Im 1. und 3. Jahr der Ausbildung, in denen man eher selbstständig bzw. in der Schule mit der konkreten Handarbeit beschäftigt ist, gibt es Veranstaltungen zur Sinnesentwicklung und Intelligenz.
Ein zweiter Bereich ist die Sprachentwicklung und die Besonderheiten, die man in diesem Bereich bei den Kindern entdecken kann, sei es in Richtung einer retardierten Entwicklung oder einer Hochbegabung.
Damit verbunden werden Möglichkeiten der Sinnes- und Sprachförderung dargestellt und ausprobiert und natürlich ausgelotet, welche Rolle die Handarbeit in diesem Zusammenhang spielen kann.

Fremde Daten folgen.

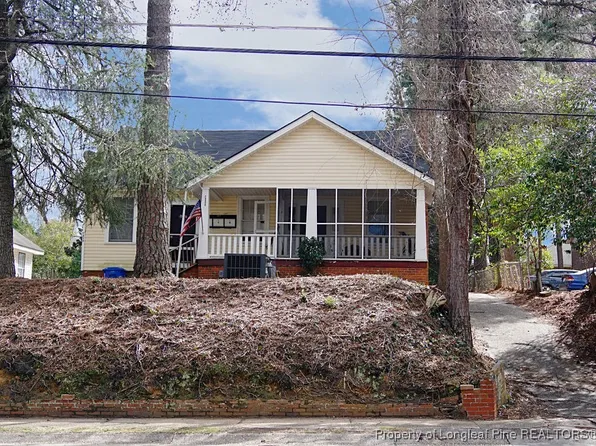 1019 W Rowan St, Fayetteville, NC 28305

Bereits während der Ausbildung hat die Sprache auch bei den praktischen Übungen einen besonderen Stellenwert. Im ersten Jahr dokumentiert der Studierende seine selbstständig gemachten Erfahrungen in einem Portfolio und auch im weiteren Verlauf ist Sprechen und Schreiben über Handarbeit ein Element der Ausbildung. Besonders das Erklären von Arbeitsschritten erfordert hohe Konzentration, ist es doch ein Bewusstwerden der eigenen Bewegungen, ein klares und logisches Darstellen von aufeinander folgenden Schritten. So kann der Student selbst die Beziehung von Bewegung und bewusst gemachter Bewegung durch die Sprache erleben.
Aufnahmebedingungen
Die Aufnahme in das Fach erfolgt nach einem Vorstellungsgespräch, wobei auch selbstgefertigte Arbeiten vorgelegt werden sollen.
Perspektiven
AbsolventInnen können in diesem Fachgebiet von Klasse 1 bis 10 unterrichten.